With some effort, I hold her gaze. “I’m not fucking grumpy.”

“Okay.”

I’m not. I just want Merri. Damnit, I want her so much I can hardly stand it. Where the fuck did she go? I sigh—a little louder than I meant to—and attempt to cover my face with my right hand. A shot of pain reminds me that I can’t. I don’t have a single fucking arm that I can use. I turn my head away from Lizzy and push my cheek into the pillow.

A second later, I hear her voice. “Cross…who is she? Are you really married?”

My eyes are rolling back into my head, but I don’t want to go to sleep. I feel so…out of it. I lift my two-hundred-pound head and make it turn toward Lizzy. “Turn this stuff down, Liz. I don’t want it anymore.”

Instead of an ass, now I sound pathetic. Like I’m about to cry.

“I’ll tell them, C.”

I nod. My head feels hot and full.
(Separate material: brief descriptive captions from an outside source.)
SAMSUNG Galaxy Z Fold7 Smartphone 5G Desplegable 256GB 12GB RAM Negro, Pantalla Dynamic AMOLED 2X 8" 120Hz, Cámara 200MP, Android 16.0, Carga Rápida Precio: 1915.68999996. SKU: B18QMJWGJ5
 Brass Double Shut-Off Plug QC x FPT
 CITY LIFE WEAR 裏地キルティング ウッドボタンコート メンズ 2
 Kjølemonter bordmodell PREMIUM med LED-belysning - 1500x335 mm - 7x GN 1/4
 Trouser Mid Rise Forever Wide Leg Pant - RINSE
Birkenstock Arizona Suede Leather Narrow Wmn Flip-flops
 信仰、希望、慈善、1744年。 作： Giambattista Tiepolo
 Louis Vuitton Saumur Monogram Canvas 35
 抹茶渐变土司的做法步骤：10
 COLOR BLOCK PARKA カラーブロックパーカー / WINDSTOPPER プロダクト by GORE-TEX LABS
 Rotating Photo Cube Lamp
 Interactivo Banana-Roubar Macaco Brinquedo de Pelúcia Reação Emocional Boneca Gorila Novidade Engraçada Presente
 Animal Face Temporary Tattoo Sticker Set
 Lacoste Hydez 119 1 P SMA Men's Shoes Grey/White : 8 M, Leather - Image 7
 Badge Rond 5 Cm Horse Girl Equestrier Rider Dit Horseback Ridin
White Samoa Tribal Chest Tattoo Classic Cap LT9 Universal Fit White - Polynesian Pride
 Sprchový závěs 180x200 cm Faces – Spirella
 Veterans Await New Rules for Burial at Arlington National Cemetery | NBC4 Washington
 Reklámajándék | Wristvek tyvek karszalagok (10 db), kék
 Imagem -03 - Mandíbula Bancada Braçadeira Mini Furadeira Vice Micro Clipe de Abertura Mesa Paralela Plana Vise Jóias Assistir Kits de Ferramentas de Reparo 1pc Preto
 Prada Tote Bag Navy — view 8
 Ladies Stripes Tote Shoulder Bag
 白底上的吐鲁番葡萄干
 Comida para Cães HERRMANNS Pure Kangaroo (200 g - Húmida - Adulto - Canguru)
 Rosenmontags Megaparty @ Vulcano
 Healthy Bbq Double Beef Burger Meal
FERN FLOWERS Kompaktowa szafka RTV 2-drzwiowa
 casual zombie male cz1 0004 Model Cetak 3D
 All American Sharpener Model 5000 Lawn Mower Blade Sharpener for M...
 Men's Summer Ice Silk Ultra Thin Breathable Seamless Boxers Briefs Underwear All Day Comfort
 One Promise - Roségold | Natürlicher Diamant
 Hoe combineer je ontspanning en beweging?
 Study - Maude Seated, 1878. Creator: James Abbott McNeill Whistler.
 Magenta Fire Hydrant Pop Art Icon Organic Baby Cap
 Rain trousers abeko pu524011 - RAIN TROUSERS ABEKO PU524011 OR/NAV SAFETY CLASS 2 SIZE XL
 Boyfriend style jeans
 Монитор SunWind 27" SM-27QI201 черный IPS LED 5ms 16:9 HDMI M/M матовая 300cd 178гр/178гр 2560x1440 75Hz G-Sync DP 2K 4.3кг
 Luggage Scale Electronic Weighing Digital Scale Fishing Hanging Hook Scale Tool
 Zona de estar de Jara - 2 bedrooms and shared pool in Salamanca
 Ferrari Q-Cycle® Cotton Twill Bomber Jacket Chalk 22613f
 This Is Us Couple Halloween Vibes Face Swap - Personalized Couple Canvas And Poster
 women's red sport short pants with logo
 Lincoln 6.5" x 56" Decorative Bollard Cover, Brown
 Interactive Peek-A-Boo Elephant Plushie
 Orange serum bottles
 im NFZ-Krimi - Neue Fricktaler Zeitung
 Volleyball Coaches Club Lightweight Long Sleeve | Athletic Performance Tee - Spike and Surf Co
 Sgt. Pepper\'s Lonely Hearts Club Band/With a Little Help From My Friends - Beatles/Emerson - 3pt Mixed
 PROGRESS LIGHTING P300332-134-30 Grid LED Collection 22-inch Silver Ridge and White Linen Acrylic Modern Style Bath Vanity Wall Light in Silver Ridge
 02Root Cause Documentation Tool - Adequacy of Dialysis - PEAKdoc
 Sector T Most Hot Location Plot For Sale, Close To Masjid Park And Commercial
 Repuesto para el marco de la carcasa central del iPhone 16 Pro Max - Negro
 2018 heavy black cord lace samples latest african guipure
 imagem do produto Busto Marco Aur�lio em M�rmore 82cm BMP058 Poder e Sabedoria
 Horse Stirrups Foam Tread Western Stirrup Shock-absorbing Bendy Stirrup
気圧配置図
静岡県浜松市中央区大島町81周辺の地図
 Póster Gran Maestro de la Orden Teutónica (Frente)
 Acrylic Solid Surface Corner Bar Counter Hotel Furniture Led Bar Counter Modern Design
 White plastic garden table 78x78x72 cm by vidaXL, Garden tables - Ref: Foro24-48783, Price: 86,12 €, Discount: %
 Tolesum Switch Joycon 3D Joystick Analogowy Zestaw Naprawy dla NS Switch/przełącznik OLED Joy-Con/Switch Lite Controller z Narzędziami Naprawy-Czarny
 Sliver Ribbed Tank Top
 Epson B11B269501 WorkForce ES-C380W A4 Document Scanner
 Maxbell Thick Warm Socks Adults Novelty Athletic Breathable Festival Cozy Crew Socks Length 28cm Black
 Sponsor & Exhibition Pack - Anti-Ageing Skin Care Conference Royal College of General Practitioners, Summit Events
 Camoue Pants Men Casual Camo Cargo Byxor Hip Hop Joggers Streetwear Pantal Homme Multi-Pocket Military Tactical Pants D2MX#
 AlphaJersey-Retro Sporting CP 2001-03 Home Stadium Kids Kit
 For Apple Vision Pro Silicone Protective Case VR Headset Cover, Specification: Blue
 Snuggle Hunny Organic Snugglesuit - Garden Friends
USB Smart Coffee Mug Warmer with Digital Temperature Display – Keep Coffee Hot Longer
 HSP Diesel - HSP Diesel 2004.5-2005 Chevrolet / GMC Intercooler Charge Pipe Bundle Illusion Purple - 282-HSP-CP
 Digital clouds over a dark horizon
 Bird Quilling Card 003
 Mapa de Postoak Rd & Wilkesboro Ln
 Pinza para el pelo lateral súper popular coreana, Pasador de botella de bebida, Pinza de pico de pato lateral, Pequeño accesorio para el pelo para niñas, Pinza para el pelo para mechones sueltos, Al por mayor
I need Lizzy to leave, but I’m too tired to tell her.

“Cross, who is Merri? Where did you meet her? …If you’re too tired, we can talk about it later.”

I force my eyes open, though the effort makes me feel like passing out. “…won’t tell?”

She shakes her head. “I promise. No one.”

“Missy King,” I croak.

I feel Lizzy’s warm hand on my forearm. “Cross… Are you telling me you went to Mexico and found Missy King? And brought her back here?”

“Yes.” The word’s a gasp.

“So the wife story is a lie. You’re not married to her.”

I open my eyes. The light above the bed is bright—so bright. I can feel the fluorescent bulbs surging in time with my heartbeat. I look at Lizzy’s face.

“I love her,” I whisper.

Her eyes grow wide and I groan, “Go away.”

When she shuts the door, I let a tear slip out.